Wideband systems have recently received a great deal of interest due to their potential for high-speed wireless communication. Among the several new wireless technologies, Ultra-Wide-Band (UWB) communication is expected to be used for many consumer electronic products in the near future. A UWB system transmits an extremely low-power signal over a wide range of frequencies from 3.1 to 10.6 GHz allowing data rates as high as several hundred Mb/s. To keep this solution cost-effective, the bill of materials (BOM) must be reduced as well as the power consumption. Moreover, the advantage of combining the base-band circuitry and the RF front-end on one single chip is strongly desired. Therefore, the CMOS technology is a good candidate for achieving this goal since it also takes advantage of process shrinking to reduce the overall power consumption and cost over the generations.
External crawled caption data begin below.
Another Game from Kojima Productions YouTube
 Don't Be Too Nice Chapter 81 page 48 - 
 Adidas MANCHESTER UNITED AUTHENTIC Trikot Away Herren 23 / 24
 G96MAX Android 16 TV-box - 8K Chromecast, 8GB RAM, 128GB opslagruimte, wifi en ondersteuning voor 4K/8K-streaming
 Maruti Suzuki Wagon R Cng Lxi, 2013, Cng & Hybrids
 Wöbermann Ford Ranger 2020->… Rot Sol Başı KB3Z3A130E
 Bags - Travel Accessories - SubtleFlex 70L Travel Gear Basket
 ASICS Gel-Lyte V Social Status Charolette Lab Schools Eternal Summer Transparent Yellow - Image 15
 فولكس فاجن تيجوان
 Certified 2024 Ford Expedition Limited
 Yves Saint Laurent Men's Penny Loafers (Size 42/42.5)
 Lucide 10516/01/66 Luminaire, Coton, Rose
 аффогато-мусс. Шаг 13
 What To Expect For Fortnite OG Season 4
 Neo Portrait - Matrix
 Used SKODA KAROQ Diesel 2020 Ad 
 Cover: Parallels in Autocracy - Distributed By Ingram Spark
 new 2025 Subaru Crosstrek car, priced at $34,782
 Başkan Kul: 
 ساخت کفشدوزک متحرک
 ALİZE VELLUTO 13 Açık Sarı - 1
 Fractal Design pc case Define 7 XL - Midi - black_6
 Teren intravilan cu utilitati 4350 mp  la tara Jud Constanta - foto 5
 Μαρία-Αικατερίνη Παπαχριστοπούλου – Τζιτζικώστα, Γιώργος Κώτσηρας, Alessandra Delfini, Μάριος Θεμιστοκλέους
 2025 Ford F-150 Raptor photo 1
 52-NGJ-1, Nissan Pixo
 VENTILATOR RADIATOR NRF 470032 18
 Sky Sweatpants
A significant amount of power is consumed by filter devices which, by way of example, perform filtering with a third-order low-path filter having a cut-off frequency at e.g. 400 MHz.
FIG. 10 shows a conventional Sallen & Key filter using an operational amplifier (forward buffer with a non-unity gain) as shown in FIG. 11 and a feedback capacitor C. The feedback capacitor C introduces a zero in the transfer function which decreases the attenuation of the filter at higher frequencies, for example above 400 MHz. One method of improving the attenuation is to increase the bandwidth of the forward buffer used in the filter. This is, however, associated with an increased power consumption. The conventional Sallen & Key filters further suffer from a large demand for a silicon area and a demand for a high power supply voltage.